En definitiva, señalan los autores, es un Nooscopio (del griego «noos», que significa inteligencia).
“Linley, el microscopista loco”, me llaman
El cuento de O’Brien da un giro inesperado cuando el joven Linley, después de un tiempo de explorar el inmenso mundo interno que descubrió en una gota de agua, casi sin poder creerlo, divisó en ésta una “forma humana, femenina” cuya adorable belleza lo enamoró desde el primer instante. Según relata, “aquellos ojos de un violeta místico”, su “largo y lustroso pelo” y “la perfecta redondez de sus miembros que formaba suaves y encantadoras curvas”, lo fascinaron.
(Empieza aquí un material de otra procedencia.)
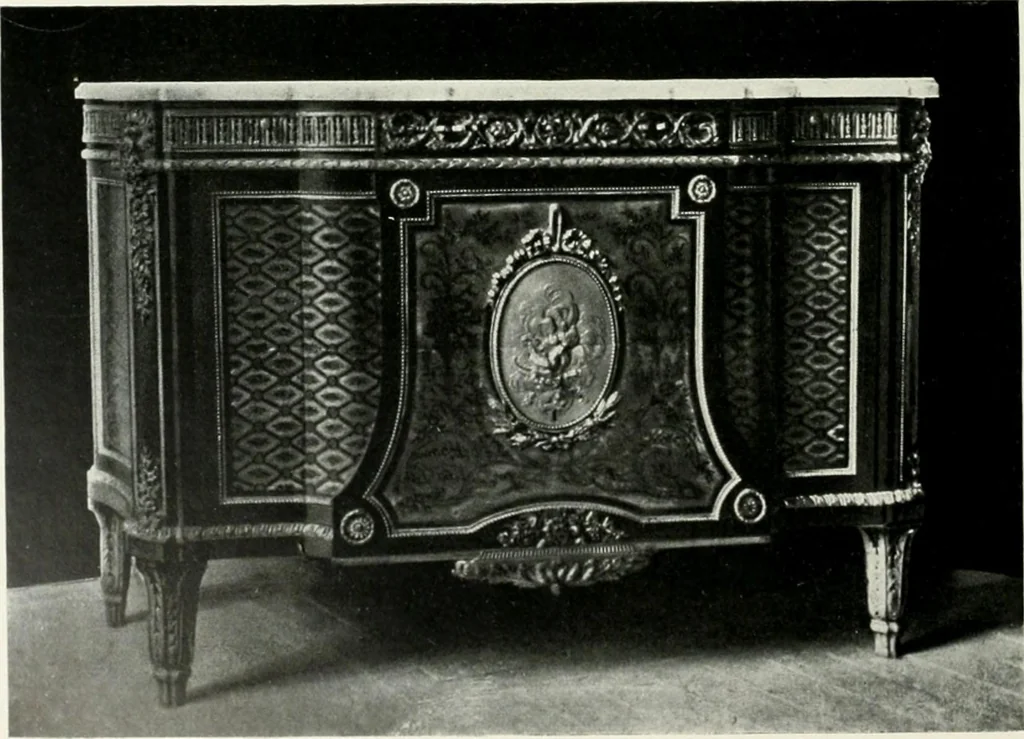 An illustration from Louis XVI furniture, 1913, leaf 177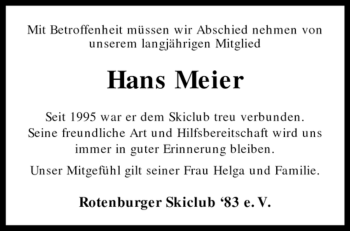 Traueranzeige von Hans Meier von KREISZEITUNG SYKE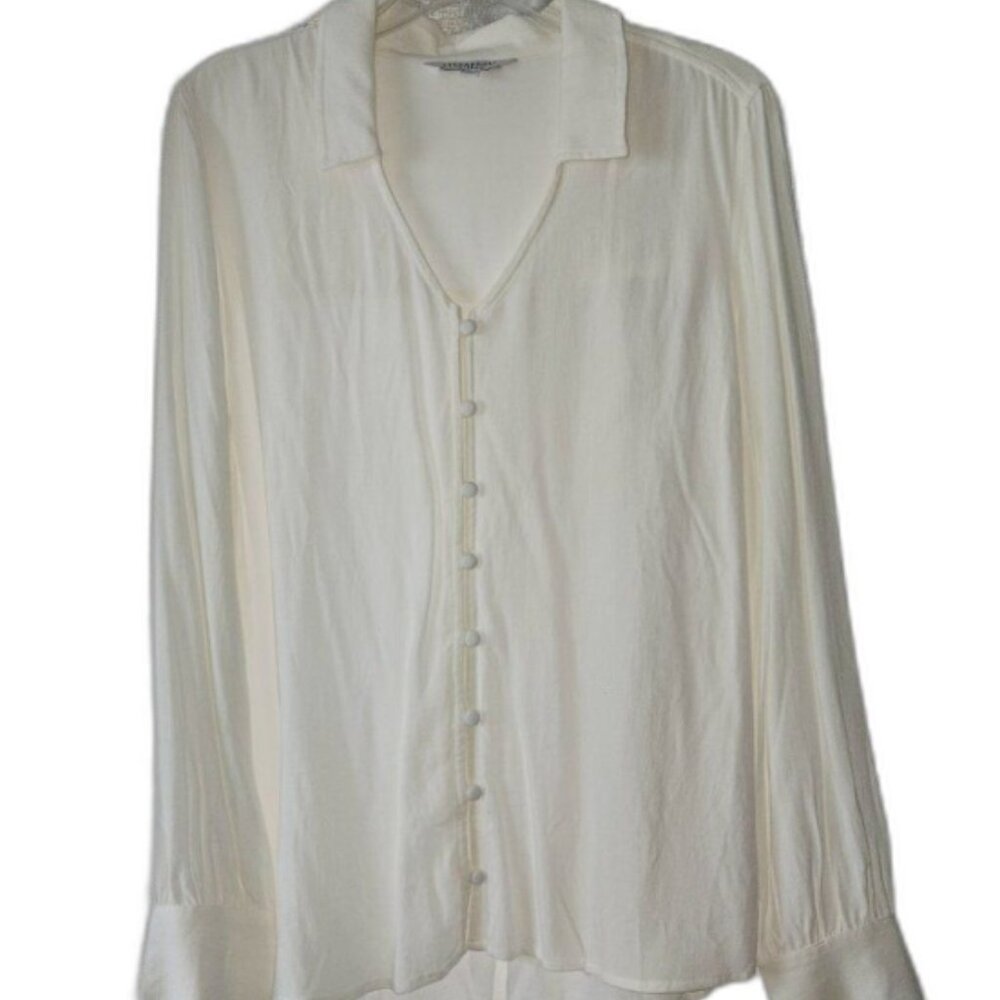 Liverpool Cream Button-Front Blouse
Día tras día, el joven pasaba horas mirando por la lente a Anímula, como había bautizado a aquel ser encantador. Cada vez encontraba menos motivos para retirar el ojo del lente. Con el tiempo comenzó a palidecer y a adelgazar por falta de descanso y buena alimentación. En un intento por revertir esa situación, decidió abandonar el encierro y salir a la calle, mientras se repetía a sí mismo: “todo esto no es más que una fantasía. Tu imaginación ha adornado a Anímula con unos encantos que en realidad no posee. Compárala con las hermosas mujeres de tu propio mundo, y este falso encantamiento desaparecerá”. Bajo esa consigna se dirigió a un cabaret, sólo para caer en la cuenta del profundo rechazo que le produjeron las bailarinas al salir a escena. No podía soportar “aquellos recios miembros musculosos, aquellas anchas caderas, aquellos cavernosos ojos, aquellas mejillas burdamente pintadas, aquellos torpes movimientos discordantes”. No podía soportar a las mujeres reales porque no podía soportar la realidad. O, al menos, “esa” realidad: “Me apresuré a volver a casa para festejar una vez más mis ojos con las encantadoras formas de mi sílfide. Sentí que a partir de aquel momento iba a ser imposible combatir aquella pasión. Apliqué mi ojo a la lente. Anímula estaba allí…”
Mi nooscopio de bolsillo
Google, Metaverso, Amazon han construido los grandes nooscopios de nuestra era, las enormes lentes que permiten inteligir el mundo a niveles inéditos. Pero, además, todos tenemos nuestros modestos nooscopios en casa o en el bolsillo. Los espíritus más atrevidos y curiosos, como los de Linley, se dedican a experimentar en sus departamentos con dispositivos digitales, con algoritmos, con líneas de código, en busca de un nooscopio más potente. Es cierto que, más allá del mérito de escribirlo a mediados del siglo XIX, el argumento del cuento de O’Brien se ha convertido en un lugar común de la ciencia ficción: el mundo de fantasía se convierte en el real. Y, sin embargo, la pregunta es inevitable, ¿qué tanto resiste la analogía con nuestra era? ¿qué tanto vivimos con el ojo pegado al nooscopio? ¿en qué medida las Anímulas digitales -adorables criaturitas que viven en el fondo de la pantalla- nos enamoran con sus imágenes, sus dichos, sus adorables comportamientos? ¿Cuánto más rechazo nos produce ahora la realidad cuando levantamos la mirada?